The official British labour movement is supposed to be marvelling at the intellectual genius of Ed Miliband this week - for a) doing what anyone involved in acting at any level can do, i.e. learn the lines of a speech written for him and deliver them in public, b) noticing there is a paternalistic historic political tradition called 'One Nation Toryism' dating back to Disraeli (that along with 'Old Labour' died something of a death when British capitalism stopped growing from the 1970s onwards and so making some meaningful positive reforms to benefit the poor was no longer easily done), and c) noticing that no previous Labour leader has tried to invent a new tradition of 'One Nation Labourism' (perhaps because if anyone else before him had tried to raise this banner many people might have thought 'Hang on, isn't "One Nation Labourism" a bit too close to, er, "National Socialism"?' - something Ed Miliband can just about get away with because of firstly Disraeli's own Jewish heritage and secondly Ed Miliband's own Jewish heritage and the experience of his family fleeing the Nazis). Miliband's 'One Nation Labourism' looks as if it is basically 'Blue Labour Re-loaded' - but with less stress on appealing primarily to a 'white [supposedly racist] working class' up North and more stress on trying to win a [supposedly] nationalistic middle class in the South of England. In other words, the solution for Ed Miliband is not only to adopt Tory policies (acceptance of cuts, public sector pay freeze etc etc) but now also use Tory rhetoric about how Britain is really apparently 'One Nation' (an 'imagined community' if there ever was one at the best of times but a sick joke at a time when inequality is at a record level in Britain) - as well. So what is to be done, aside from building the fight back by marching for 'a future that works' on 20 October and trying to build a new tradition of political trade unionism independent of Labour among the rank and file of British trade unionists by supporting initiatives like Unite the Resistance? Here I think we can learn something from the late Marxist intellectual Ralph Miliband - Ed's father - in an article he wrote in 1987 for Socialist Register with Leo Panitch on 'Socialists and the "New Conservatism"'. Speaking of the social democratic parties like Labour (this is before the rise of New Labour - so his criticism applies doubly today), Miliband senior noted that:
These parties, or at least their leaders, offer at best a return to
the days of the Keynesian/welfare state, a reflationary fiscal policy
and corporatist-style relations with the trade unions. In effect, they
boast of a ‘new realism’ which promises an even more thorough
accommodation with capitalism than before. A cloudy rhetoric mingles
some of the catch-phrases of the new conservatism with the theme of
‘social compassion’. Thus, Neil Kinnock offers ‘efficiency, individual
liberty, wealth creation, patriotism’ as the guiding tenets of the
Labour Party, and then adds ‘justice, compassion, and equality’ for good
measure.

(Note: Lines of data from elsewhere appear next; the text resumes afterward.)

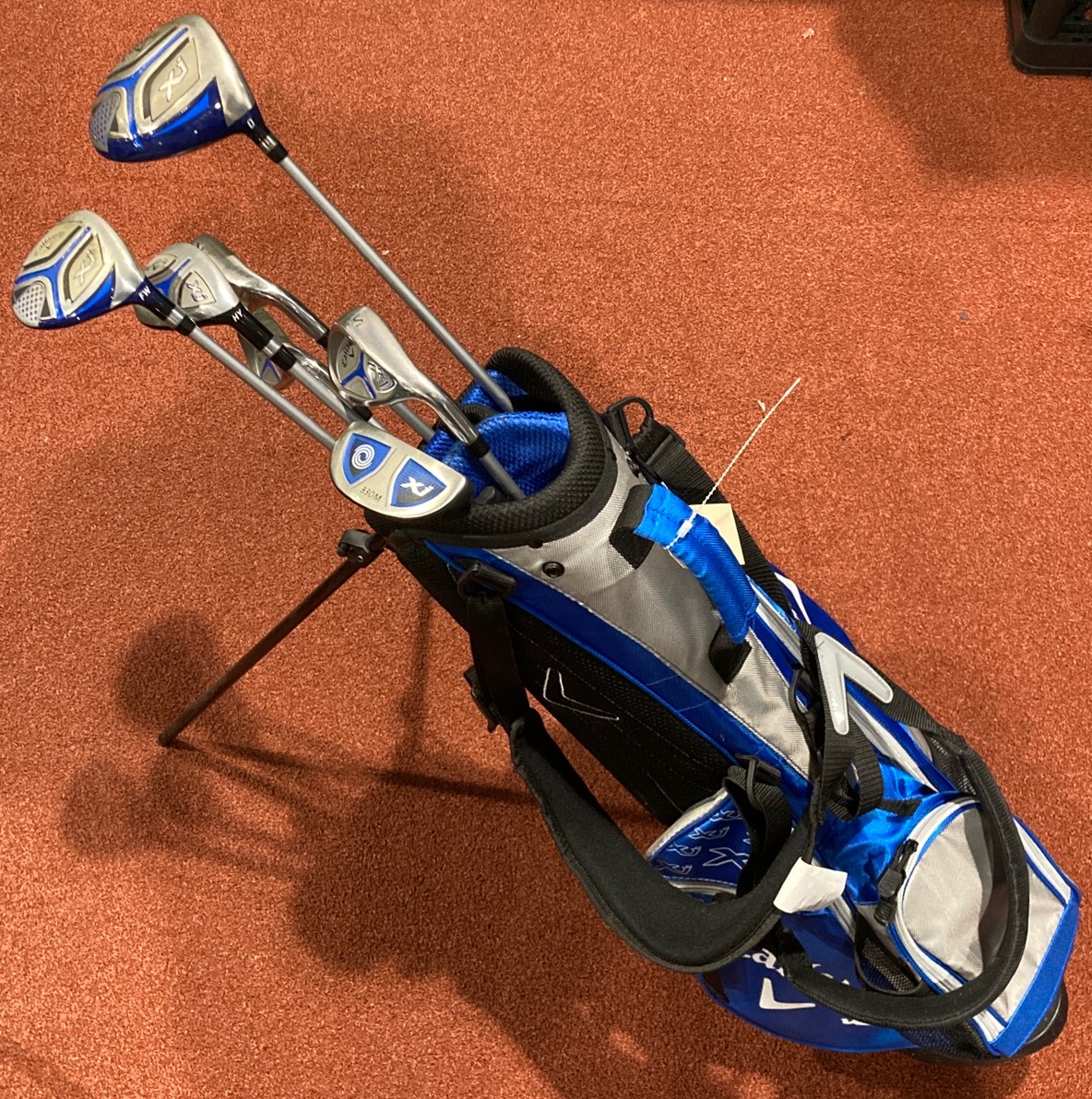 Used Junior Callaway XJ Right Clubs (Full Set) SidelineSwap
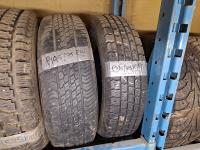 Qty of (2) 195/75R14 Tires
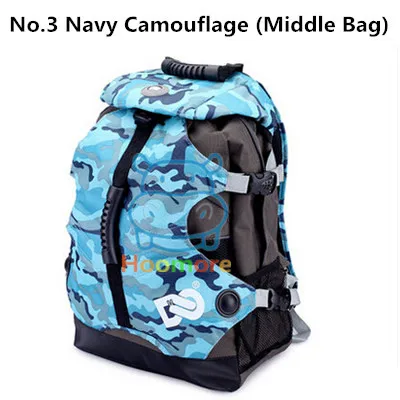 Middle bag 3 Роликовый dc мешок для катания на коньках seba high hv igor для powerslide PS RB роликовые коньки patines рюкзак FSK слалом Фигурное катание контейнер для обуви - Цвет: Middle bag 3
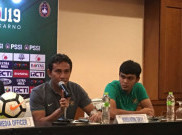 PSSI Copot Bima Sakti sebagai Pelatih Timnas U-19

This is supposed to ‘reassert democratic socialist values as
an effective body of values for modern needs rather than a ghost from
the past’. (The Future of Socialism, Fabian Tract
no.509, 1985) But this verbiage, and the policy proposals which
accompany it, leaves altogether untouched something which is not ghostly
at all, namely the existing structures of power, property and privilege
of ‘late capitalism’, and the structures of domination which it is the
purpose of socialism to dissolve.
This is why an essential task for socialists is to conduct a
sustained, principled and informed critique of social democratic
leaders, the result of whose endeavours is not to advance socialist
transformation but to retard it. Making this critique presents many
problems in the light of diverse electoral and political considerations;
and there is always the danger that such a critique will turn into
ineffective vituperation. Nevertheless, the socialist case has to be
affirmed and developed if it is not to be lost in a fog of obfuscating
rhetoric.
The difficulty of the task is underlined by the fact that socialists
in Britain have to support the return of a Labour Government; and
American socialists, presented with no alternative in many states, may
even have to vote for Democratic candidates. In the constricted choice
offered at the present time, it is clearly of great importance that the
most reactionary bourgeois politicians [e.g. Cameron, Clegg today - Ed] should be driven from office. But
socialists have long been aware that elections alone do not determine
public policy. The outcome of elections has certain effects, and that is
a virtue of capitalist democracy. But the reforms that may flow from
electoral outcomes are limited and vulnerable. This is why the purpose
of political action for socialists must not only be the achievement of
immediate defensive victories, but the widening of the basis of support
for reforms which open the way for more fundamental transformations.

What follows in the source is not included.